Trading Democracy

Bill Moyers program about nonUS (esp. Canadian, Mexican) companies suing the US for damages based on our local policies (e.g. an anti-pollution law blocking their products counts as damages for them, so NAFTA lets them sue us), and with judgments being made by "secret tribunals".

Have just (Feb'02) finished reading the transcript and I'm not impressed.
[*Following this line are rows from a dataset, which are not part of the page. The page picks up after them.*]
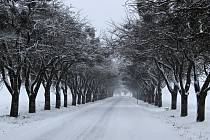 Krajinu mezi Starým Jičínem a Odrami zasypala v pondělí 12. prosince 2022 sněhová přikrývka.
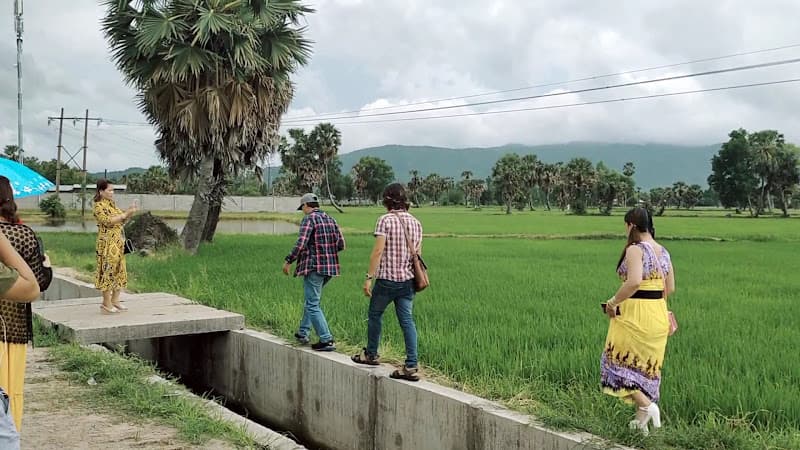 Hình ảnh Cánh đồng Thốt Nốt - Vĩnh Trung - An Giang - 3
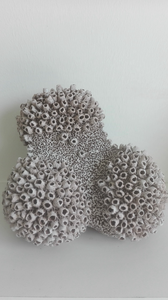 Organische vorm bezet met zeepokken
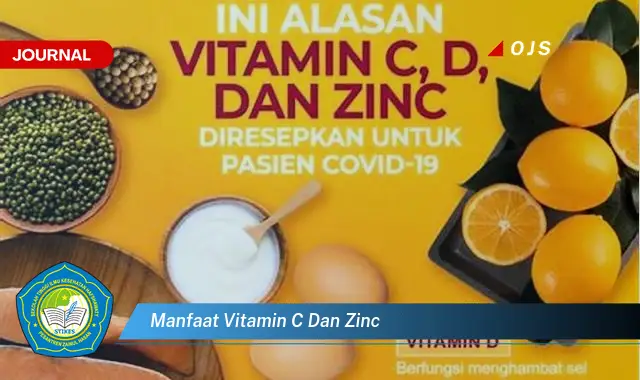 manfaat vitamin c dan zinc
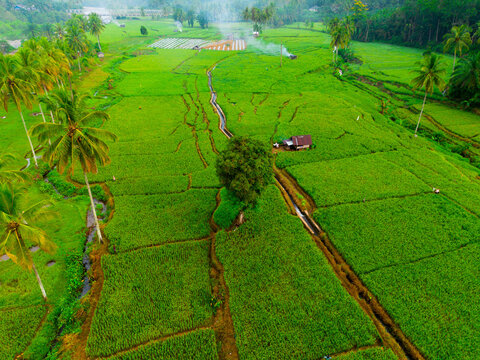 Aerial view of Taba Tembilang rice fields with lush green paddies, palm trees, and a small hut in Arga Makmur, Bengkulu, Indonesia.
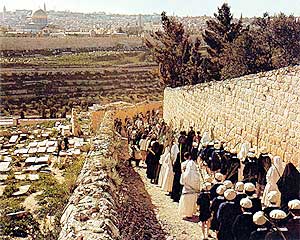 Palm Sunday procession to St Anne's, Jerusalem. (640x587. 278kb.)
There seems to be a big problem, but the program's analysis is awfully muddy.

The facts which seem agreed-to:

  • Nafta Chapter Eleven is being used as a basis for corporations to sue the governments of foreign countries where they do business for damages when laws change that affect their business (e.g. when California outlaws a gasoline additive, a Canadian company which makes a key ingredient in that additive sues the US).

  • the key phrase is "No Party may directly or indirectly nationalize or expropriate an investment of an investor of another Party in its territory or take a measure tantamount to Nationalization or expropriation of such an investment ("expropriation")..."
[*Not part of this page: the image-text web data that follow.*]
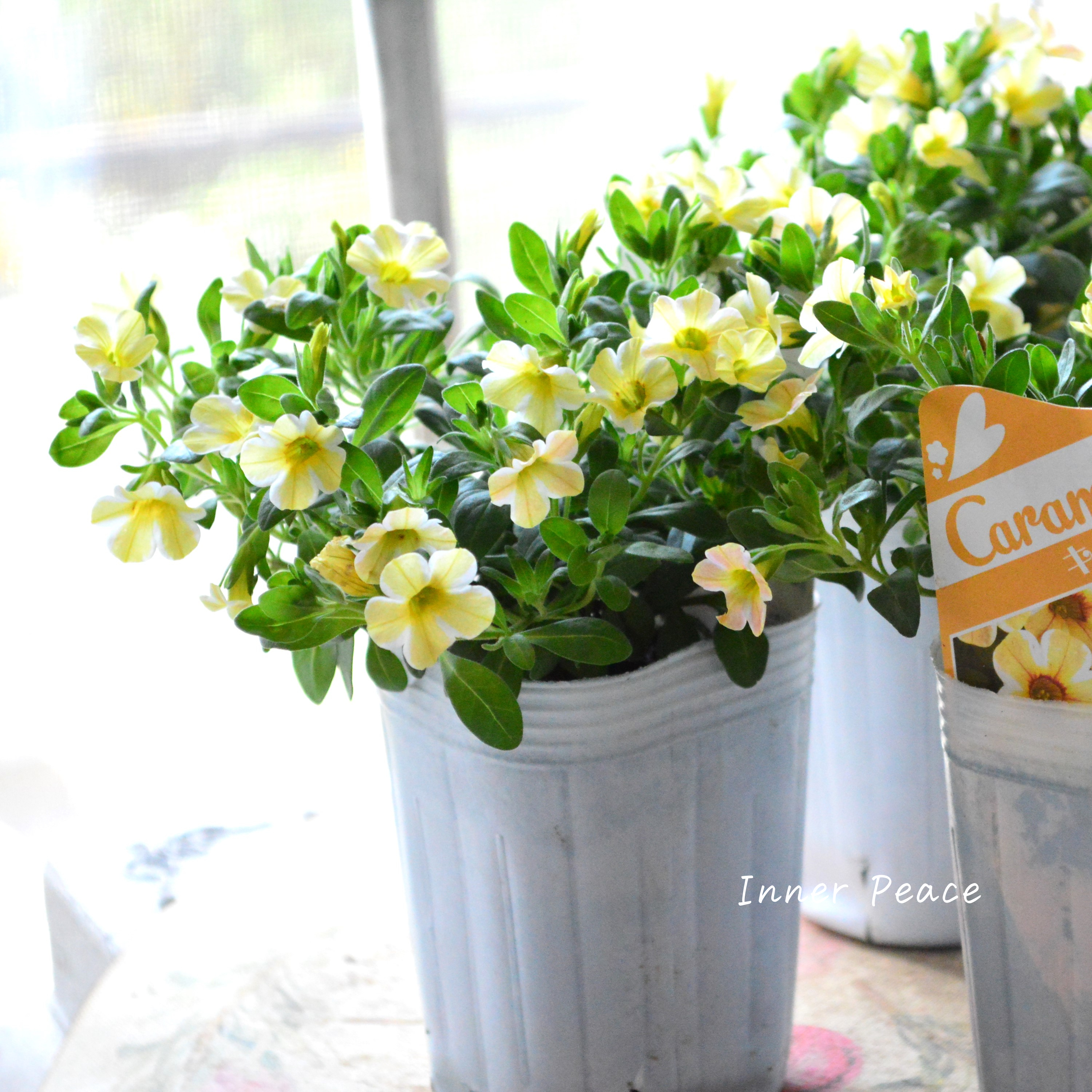 【暑さに強い】 カリブラコア 『キャラメル』 3寸ロングPOT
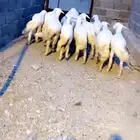 بهم تربيه كفو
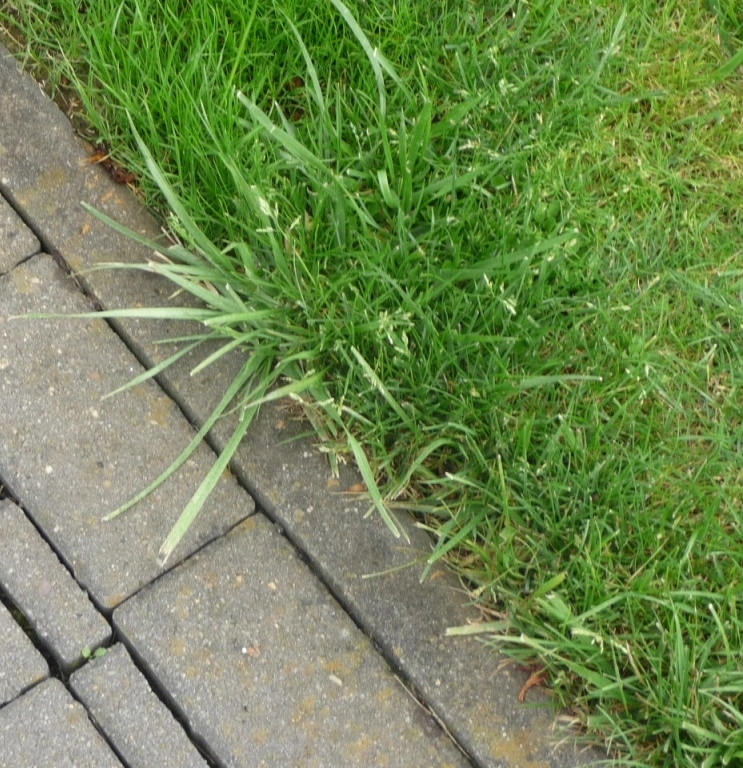 Hilfe! Wie heißt dieses (Rasen)unkraut? Pilze im Rasen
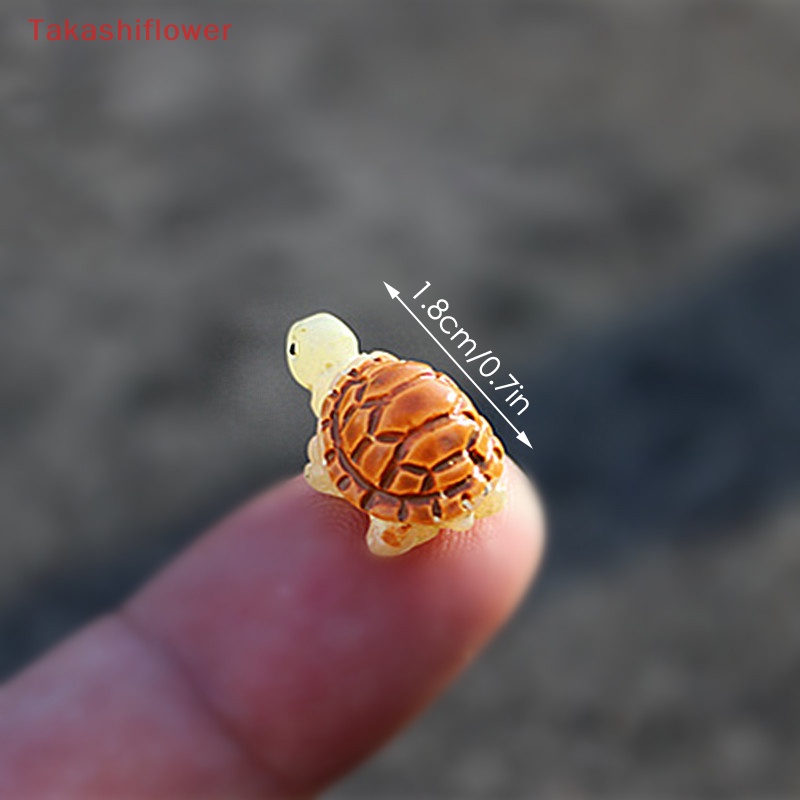 Set 5 Mô Hình Rùa Biển Dùng Để Trang Trí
  • the judgements in these lawsuits are made by a three-man tribunal (not a single one in the world, there are a variety of them, I'm not sure whether the same "experts" serve continuously in a geographic area), which operates in secret (no transcripts, no public list of witnesses for either side, etc.)

  • these corporations would not be able to sue their own local or national governments on the same basis

  • some of the lawyers making lots of money in this business are people like CarlaHills and Daniel Price, who helped draft it.

Some issues:

  • were the current "style" of lawsuits being brought intended/foreseen by the authors and approvers of NAFTA? Many say no, Daniel Price says yes.

  • perhaps the root problem is that no country wants truly Free Trade. NAFTA is a way of regulating trade in a "more-free" way, but thus requires more complex/subtle regulatory control. Because it's an attempt to use laws to protect you from relationships with someone you don't trust. Thus, weird cases may be more likely.